I hope that the Financial Secretary will consider all the issues that I have mentioned. I feel that he replied too quickly to points made earlier, and I trust that he will deal with the serious matter raised by the new clause.

Mr. Keith Hill (Streatham) : All the speeches that we have heard-- not least the impassioned contribution of the hon. Member for Macclesfield (Mr. Winterton)--have suggested that joint private and public sector projects could provide a useful way of supplementing infrastructure development, and that there is growing interest in the subject, as well as growing consensus between the parties. As some Opposition Members have already pointed out, the concept has long been expounded by my hon. Friend the Member for Kingston upon Hull, East (Mr. Prescott), whose proposals for leaseback arrangements for certain railway projects on the French model were included in Labour's manifesto at the time of the last general election.

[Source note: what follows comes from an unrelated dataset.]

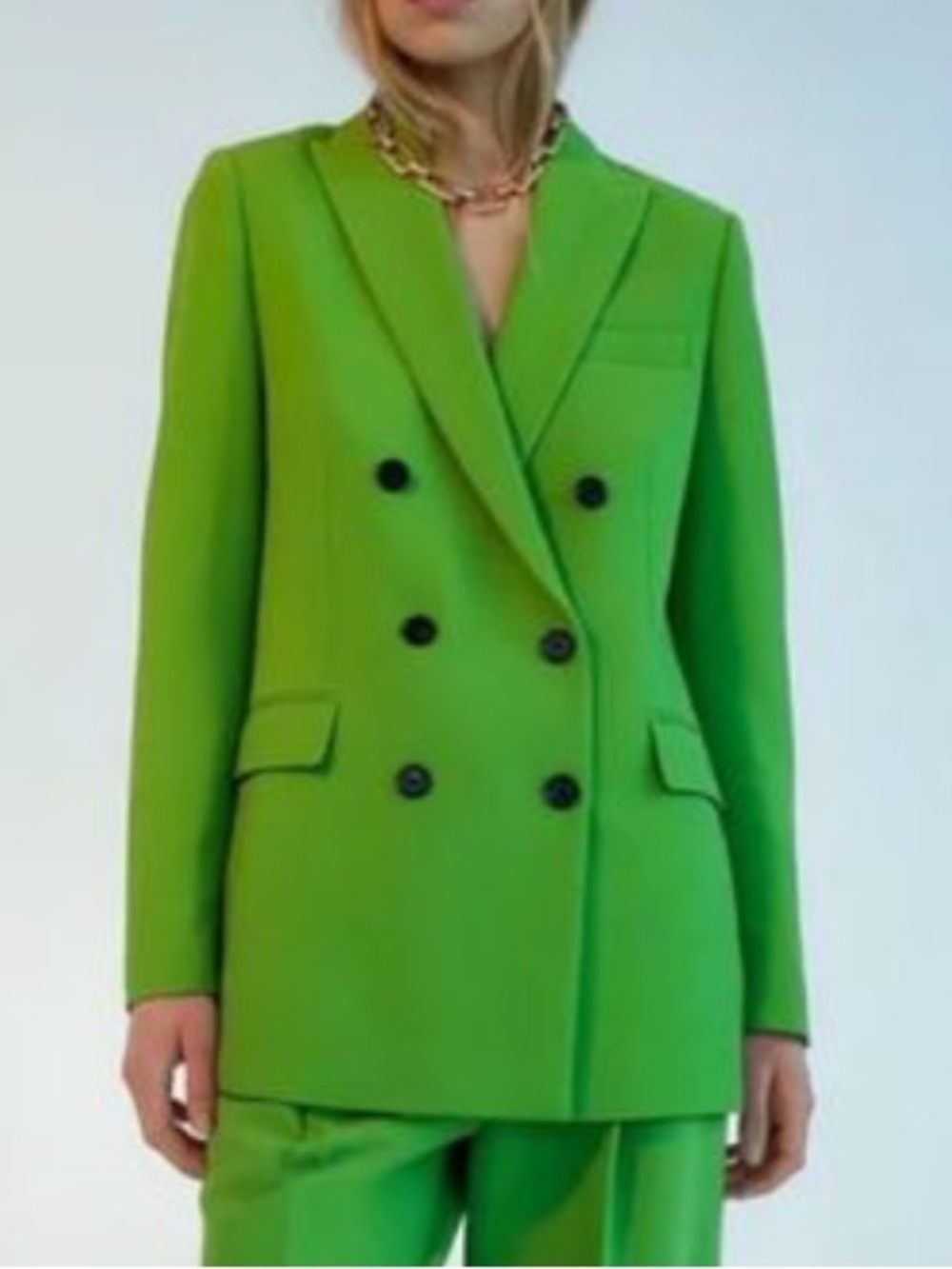 ZARA Bright Lime Green Double-Breasted Blazer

It goes without saying that my hon. Friend's eminently sensible proposals were consistently rejected, derided, condemned and shrugged off by a succession of transport and finance Ministers. They must now find themselves rather shamefacedly having to eat their words, following the Chancellor's welcome and important commitment to the private finance initiative in his Budget statement of 30 November 1993, in which he announced a number of new projects under the initiative, confirmed the establishment of a new working group chaired by Sir Alastair Morton and concluded that the Government had

"injected a new momentum into the private finance initiative."--[ Official Report , 30 November 1993 ; Vol. 233, c. 933.]

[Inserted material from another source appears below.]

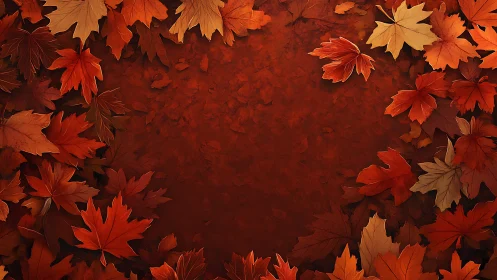 Cozy autumn leaves framing a warm, rustic seasonal backdrop.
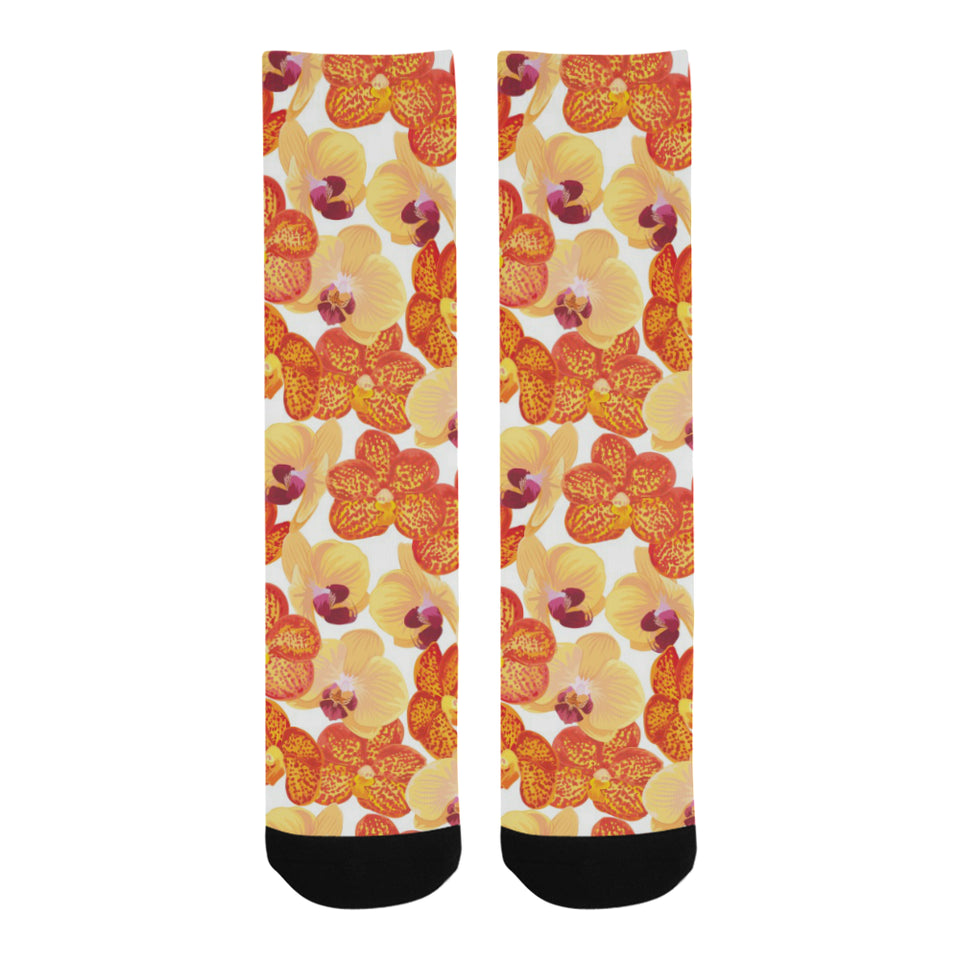 Orange yellow orchid flower pattern background Crew Socks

I am bound to say, however--given that the Conservative Benches have been singularly barren throughout most of our proceedings--that that momentum has not exactly set the Conservative party in Parliament alight.

Hard on the heels of the Budget statement, Labour published its own report on the issue, entitled "Financing Infrastructure Investment" and subtitled "Promoting a Partnership Between Public and Private Finance". That detailed consultation document set out a number of areas in which public and private initiatives could be undertaken through the creation of public interest companies, new relationships between Government and public trading bodies, the possibility of regional development banks' mobilising private finance into small and medium-sized firms and--critically--a review of the current distinction between operating and finance leases, a subject to which I wish to return.

The report makes clear Labour's commitment to private and public initiatives across a range of policy areas and beyond transport infrastructure alone. It says that Labour's concept of public-private partnership is "ambitious and expansive"--as my hon. Friend the Member for Edinburgh, Central (Mr. Darling) precisely enunciated.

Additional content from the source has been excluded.